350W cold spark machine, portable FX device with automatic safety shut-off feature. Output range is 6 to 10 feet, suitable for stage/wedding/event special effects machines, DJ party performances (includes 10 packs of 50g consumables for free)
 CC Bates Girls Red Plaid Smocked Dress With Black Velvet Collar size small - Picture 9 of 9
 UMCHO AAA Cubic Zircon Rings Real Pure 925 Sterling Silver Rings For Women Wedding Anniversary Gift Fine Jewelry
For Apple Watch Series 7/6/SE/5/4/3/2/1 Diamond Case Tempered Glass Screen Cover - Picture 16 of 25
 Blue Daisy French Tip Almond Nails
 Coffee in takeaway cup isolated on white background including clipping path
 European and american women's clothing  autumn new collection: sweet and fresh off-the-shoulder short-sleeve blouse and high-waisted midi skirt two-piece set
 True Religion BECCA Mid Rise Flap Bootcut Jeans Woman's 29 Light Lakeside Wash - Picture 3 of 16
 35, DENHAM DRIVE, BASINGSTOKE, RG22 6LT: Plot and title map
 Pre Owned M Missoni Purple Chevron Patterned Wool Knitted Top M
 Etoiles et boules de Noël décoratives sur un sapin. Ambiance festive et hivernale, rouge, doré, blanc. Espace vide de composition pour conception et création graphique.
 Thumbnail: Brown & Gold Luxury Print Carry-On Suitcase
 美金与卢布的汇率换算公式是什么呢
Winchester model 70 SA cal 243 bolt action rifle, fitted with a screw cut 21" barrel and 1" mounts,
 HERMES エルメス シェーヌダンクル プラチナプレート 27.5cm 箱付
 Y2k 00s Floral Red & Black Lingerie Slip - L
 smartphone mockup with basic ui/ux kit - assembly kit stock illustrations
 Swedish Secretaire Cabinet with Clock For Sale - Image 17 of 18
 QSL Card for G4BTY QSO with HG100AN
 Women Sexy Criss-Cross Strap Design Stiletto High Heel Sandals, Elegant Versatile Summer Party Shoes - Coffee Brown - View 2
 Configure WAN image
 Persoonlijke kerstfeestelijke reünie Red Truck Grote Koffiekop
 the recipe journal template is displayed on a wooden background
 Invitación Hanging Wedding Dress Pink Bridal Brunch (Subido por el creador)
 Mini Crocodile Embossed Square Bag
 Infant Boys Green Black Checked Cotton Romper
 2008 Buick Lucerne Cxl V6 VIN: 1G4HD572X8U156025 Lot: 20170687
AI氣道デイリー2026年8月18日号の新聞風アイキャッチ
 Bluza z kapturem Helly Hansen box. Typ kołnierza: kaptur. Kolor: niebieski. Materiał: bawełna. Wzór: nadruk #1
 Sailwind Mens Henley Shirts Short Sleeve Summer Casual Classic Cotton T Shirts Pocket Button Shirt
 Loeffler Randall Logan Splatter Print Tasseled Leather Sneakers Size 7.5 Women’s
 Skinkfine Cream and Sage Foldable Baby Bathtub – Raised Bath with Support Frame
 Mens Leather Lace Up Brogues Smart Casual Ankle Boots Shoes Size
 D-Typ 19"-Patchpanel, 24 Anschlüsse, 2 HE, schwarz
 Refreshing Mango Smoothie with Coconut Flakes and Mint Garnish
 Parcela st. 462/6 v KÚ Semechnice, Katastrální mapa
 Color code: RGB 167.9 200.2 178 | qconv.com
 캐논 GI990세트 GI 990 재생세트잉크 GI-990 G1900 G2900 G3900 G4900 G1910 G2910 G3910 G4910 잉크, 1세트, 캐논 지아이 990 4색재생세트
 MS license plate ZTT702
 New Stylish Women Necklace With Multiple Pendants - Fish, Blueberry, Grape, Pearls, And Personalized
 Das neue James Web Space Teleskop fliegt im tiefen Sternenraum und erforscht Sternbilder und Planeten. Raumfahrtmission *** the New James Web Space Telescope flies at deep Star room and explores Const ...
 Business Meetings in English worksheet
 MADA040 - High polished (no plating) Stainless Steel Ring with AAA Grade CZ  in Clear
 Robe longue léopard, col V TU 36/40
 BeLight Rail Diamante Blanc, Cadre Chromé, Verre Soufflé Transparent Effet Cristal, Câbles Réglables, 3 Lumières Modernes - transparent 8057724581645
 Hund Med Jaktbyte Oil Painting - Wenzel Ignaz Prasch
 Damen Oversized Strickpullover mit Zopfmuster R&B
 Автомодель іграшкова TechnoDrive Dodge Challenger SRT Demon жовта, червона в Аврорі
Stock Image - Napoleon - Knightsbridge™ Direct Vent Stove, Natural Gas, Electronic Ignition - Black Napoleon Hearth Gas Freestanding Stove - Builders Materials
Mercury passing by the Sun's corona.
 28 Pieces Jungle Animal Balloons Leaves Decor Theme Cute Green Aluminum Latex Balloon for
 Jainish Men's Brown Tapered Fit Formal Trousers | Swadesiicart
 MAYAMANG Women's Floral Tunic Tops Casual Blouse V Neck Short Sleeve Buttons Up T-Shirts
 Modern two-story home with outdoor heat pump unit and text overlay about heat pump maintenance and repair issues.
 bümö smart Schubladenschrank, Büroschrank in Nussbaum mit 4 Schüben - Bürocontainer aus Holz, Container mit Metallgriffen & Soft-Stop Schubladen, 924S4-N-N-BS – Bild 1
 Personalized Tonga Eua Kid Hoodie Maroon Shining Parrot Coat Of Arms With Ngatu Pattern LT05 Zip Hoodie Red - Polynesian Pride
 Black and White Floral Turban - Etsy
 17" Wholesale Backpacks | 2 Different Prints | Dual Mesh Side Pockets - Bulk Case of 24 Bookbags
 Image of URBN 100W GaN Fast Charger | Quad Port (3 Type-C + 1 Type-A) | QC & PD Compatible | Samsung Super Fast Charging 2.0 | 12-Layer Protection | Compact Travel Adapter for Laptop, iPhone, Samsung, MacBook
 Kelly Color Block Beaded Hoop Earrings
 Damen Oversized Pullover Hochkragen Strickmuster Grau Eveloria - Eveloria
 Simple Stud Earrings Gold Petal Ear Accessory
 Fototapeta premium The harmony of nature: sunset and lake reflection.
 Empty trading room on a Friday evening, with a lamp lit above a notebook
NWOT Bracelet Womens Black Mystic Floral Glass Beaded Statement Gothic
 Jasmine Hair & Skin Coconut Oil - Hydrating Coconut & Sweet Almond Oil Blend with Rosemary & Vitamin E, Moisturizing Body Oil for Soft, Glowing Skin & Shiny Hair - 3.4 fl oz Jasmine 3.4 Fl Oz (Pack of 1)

Task objective => Where the string "Picture" occurs in the data, return the whole line.

Reply =>
 CC Bates Girls Red Plaid Smocked Dress With Black Velvet Collar size small - Picture 9 of 9
For Apple Watch Series 7/6/SE/5/4/3/2/1 Diamond Case Tempered Glass Screen Cover - Picture 16 of 25
 True Religion BECCA Mid Rise Flap Bootcut Jeans Woman's 29 Light Lakeside Wash - Picture 3 of 16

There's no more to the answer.